D'une autre déclaration écrite datée du 12 mars 1981, adressée en réponse à une demande de renseignements de la chambre de recours juridique, il ressort que la secrétaire avait préparé les documents concernant la demande peu avant le début de son absence de son poste et non, comme indiqué dans sa première déclaration, le 27 août 1979.

VI. Le 3 janvier 1980, la section de dépôt de l'Office européen des brevets a rendu la décision attaquée. La requête en rectification était rejetée aux motifs que l'article 79 de la CBE excluait la désignation ultérieure d'Etats, et qu'une correction de la demande, conformément à la règle 88 de la CBE, ne pouvait être accordée, dès l'instant qu'au moment du dépôt de la demande, aucune circonstance n'était connue ou aurait dû l'être, permettant d'admettre une erreur éventuelle.

VII. Par lettre du 3 mars 1980, la requérante a formé un recours contre cette décision. Elle a requis l'annulation de la décision attaquée et l'adjonction de la Suisse aux Etats désignés. La taxe de recours a dûment été payée et le mémoire exposant les motifs du recours du 29 avril 1980, a été déposé en temps utile.

VIII. Dans la motivation de son mémoire, la requérante expose que la correction demandée a été requise pendant le délai de priorité prévu par la Convention de Paris. Elle se réfère à l'article 125 de la CBE et soutient que les principes de droit judiciaire généralement admis dans les Etats contractants devraient lui être appliqués. Elle soutient également que, contrairement à l'interprétation de la section de dépôt, la règle 88 de la CBE devrait trouver application. Il y aurait une claire discordance entre le paiement de huit taxes de désignation et la désignation de sept Etats contractants et d'un Etat non-contractant.

IX. Dans un mémoire complémentaire, la requérante renvoie à la décision J 08/80 rendue par la chambre de recours juridique et publiée en septembre 1980.

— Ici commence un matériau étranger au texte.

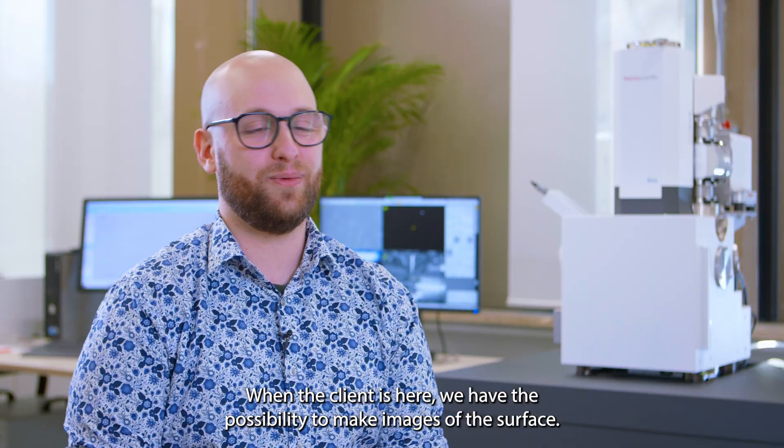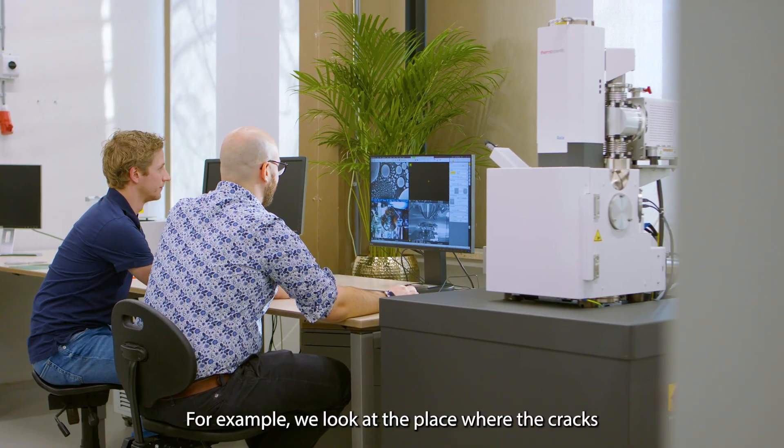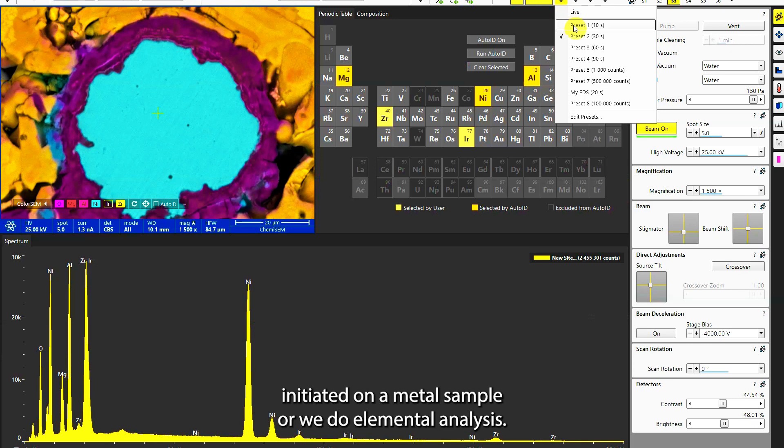When the client is here, we have the possibility to make images of the surface — for example, we look at the place where the cracks initiated on a metal sample, or we do elemental analysis.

X. La demande de brevet européen a été publiée le 11 juin 1980. Parmi les Etats désignés ne figuraient ni l'Espagne, ni la Suisse.

Motifs de la décision

1. Le recours satisfait aux conditions des articles 106 à 108, et à celles des règles 1(1) et 64 de la CBE; il est en conséquence recevable.

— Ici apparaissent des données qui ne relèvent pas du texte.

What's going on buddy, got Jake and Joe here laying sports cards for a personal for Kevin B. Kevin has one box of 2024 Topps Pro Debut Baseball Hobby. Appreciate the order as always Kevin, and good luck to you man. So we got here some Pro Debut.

2. La chambre de recours juridique a estimé, dans le recours n° J 08/80, le 18 juillet 1980, (Journal officiel de l'OEB 1980, page 293), que la règle 88 de la CBE n'exclut pas la correction d'une erreur dans la désignation des Etats dans une demande de brevet européen, même lorsque cette erreur ne s'impose pas à l'évidence.

3. La chambre partage l'opinion de la requérante selon laquelle il existe une contradiction manifeste, dans la demande de brevet, entre les taxes de désignation payées et les Etats désignés. Cependant, il ne peut pas être raisonnablement prétendu que la correction demandée s'imposerait à l'évidence. La question de savoir si la requête peut être admise dépend, par conséquent, de la façon dont la chambre apprécie les faits, notamment les documents présentés par la requérante avec sa lettre du 20 septembre 1979.

4. Des documents présentés, il ressort qu'à l'origine il n'était envisagé de demander la protection d'un brevet pour l'invention en cause ni en Espagne, ni en Suisse. Mais la note du 11 juillet 1979 montre toutefois qu'il avait été décidé qu'une demande nationale devait aussi être déposée en Espagne et que la Suisse devait être ajoutée à la liste des Etats à désigner dans la demande de brevet européen.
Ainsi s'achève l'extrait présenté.